Words from the Heart for Wednesday March 27th, 2019
So the king stood beside the gate while all his men marched out in units of hundreds and of thousands. The king commanded Joab, Abishai and Ittai, “Be gentle with the young man Absalom for my sake.”
2 Samuel 18:4-5 (NIV)
Loving Your Enemies
The British North American colonies that today constitute modern Canada had no control over their foreign affairs until the achievement of responsible government in the late 1840s. Up until that time, wars, negotiations and treaties were carried out by the British government to settle disputes concerning the colonies over fishing, boundaries, and to promote trade. Notable examples from the colonial period include the Nootka Convention, the War of 1812, the Rush–Bagot Treaty, the Treaty of 1818, the Webster–Ashburton Treaty, and the Oregon Treaty. Before the granting of responsible government, British diplomats handled foreign affairs.

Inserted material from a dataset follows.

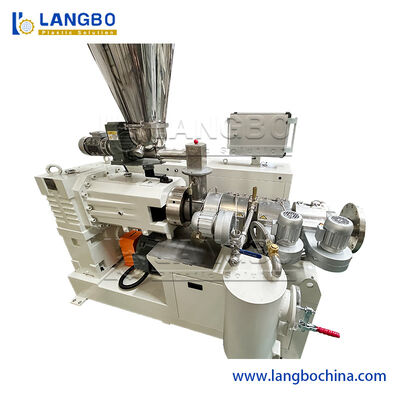 Пластиковая экструдерная машина для изготовления профилей из ПВХ кабельных проводов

One of the most challenging principles, and one that certainly runs contrary to the principles of the world, is the call of Jesus to love our enemies, and treat well those who mistreat us. This isn’t just a New Testament principle. King David understood this to be true, and put it into practice, even when his enemy was this own son Absalom. Absalom had been trying to woo the people of Israel, winning their allegiance so he could take over his father David’s throne. David had run for his life. The tide began to turn, however, and the day came when the troops loyal to David were heading to face Absalom and his troops. David is convinced not to go into battle, and 2 Samuel 18:4-5 says this: “So the king stood beside the gate while all his men marched out in units of hundreds and of thousands. The king commanded Joab, Abishai and Ittai, ‘Be gentle with the young man Absalom for my sake.’” Be gentle with my enemy, David says. How can you put this principle into practice in your life today?
These have been words from the heart.